41. Sri Jagdish Swarup also relied on para 357 of Halsbury’s Laws of England, Vol. 22, 3rd Edn. at page 187 and submitted that the basic test is whether the mind of a prudent insurer would be affected, either in deciding whether to take the risk at ail or in fixing the premium, by knowledge of a particular fact if it had been disclosed. Further relying on para 367 of Halsbury’s Laws of England, Vol. 22, 3rd Edn. at page 192, Sri Jagdish Swarup contended that the effect of non-disclosure or misrepresentation in the instant case was that the Society had the right to repudiate and to avoid the policy. He submitted that it was the Society’s inherent right derived as a matter of law from the nature of the contract between the parties.

42. Sri Jagdish Swarup also relied npon “Golding v. Royal London Auxiliary Insurance Co. Ltd.” (1914) 30 T L R 350 in which it was held that:

“Where a person in making a proposal to an insurance company for an insurance against fire makes a bona fide mistake in his answers to the questions on the proposal form, but before the issue of a cover note draws the attention of the agent of the company to the mistake and corrects it, it is the duty of the agent to convey to the company the correct answer, and if he fails to do so the company are not entitled to refuse to pay a claim under the cover note on the ground that there was a misstatement in the answers to the questions on the proposal form.”
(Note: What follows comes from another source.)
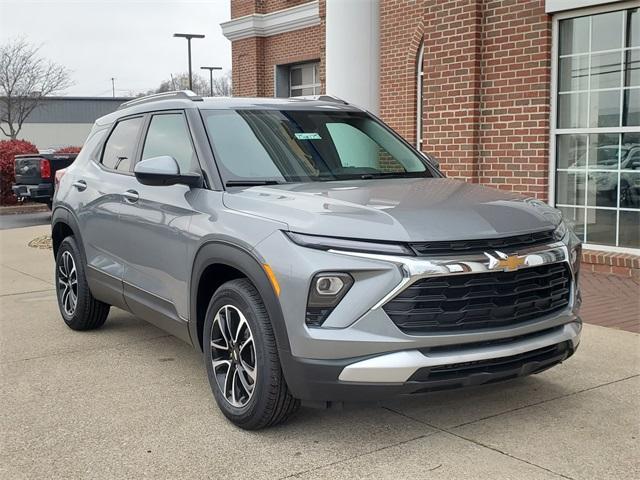 new 2025 Chevrolet TrailBlazer car, priced at $26,254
Sri Jagdish Swarup, therefore, contended that if the Society knew of the misdescription probably it would not have insured the plaintiff’s goods.

Condition No. 1 of the policy runs as follows :

“If there be any material mis-description of any of the property hereby insured, or of any building or place in which such property is contained, or any misrepresentation as to any fact material to be known for estimating the risk or any remission to state such fact, the Society shall not be liable upon this Policy so far as it relates to property affected by any such mis-description, misrepresentation or omission.”
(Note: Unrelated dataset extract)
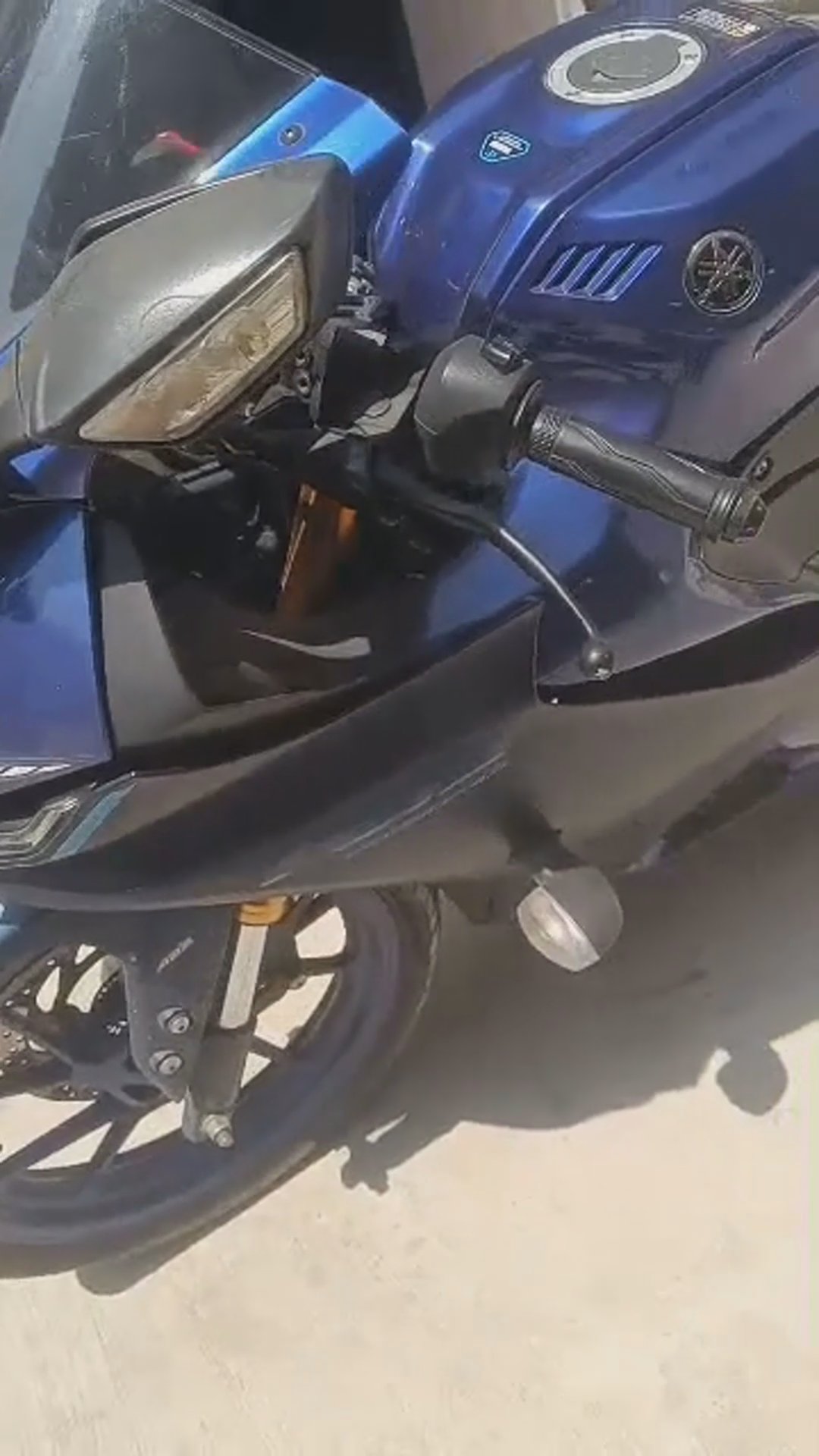 Walk-around video thumbnail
43. Hafiz Ahmad P. W. 2 the General Agent of the Society, stated that he filled the proposal form land that he did not commit any mis-description in the proposal form. The Society did not contest that Hafiz Ahmad P. W. 2 was its agent.

44. Sri Jagdish Swarup submitted that Hafiz Ahmad’s oral evidence on this point was not admissible under Section 92 of the Evidence Act. Section 92 of the Evidence Act says that:

”When the terms of any such contract, grant or other disposition of property, or any matter required by law to be reduced to the form of a document, have been proved according to the Vast section, no evidence of any oral agreement or statement shall be admitted, as between the parties to any such instrument or their representatives in interest for the purpose of contradicting, varying, adding to, or sub-trading from, its terms.”

45. In our opinion Hafiz Ahmad in making the statement mentioned above was only explaining the intention of the parties and was neither contradicting, varying, adding to, or subtracting from the terms of the policy. His statement cannot, therefore, be excluded by Section 92 of the Evidence Act. It is also significant that no such objection was raised by the defendant at the time of the statement of Hafiz Ahmad P. W. 2.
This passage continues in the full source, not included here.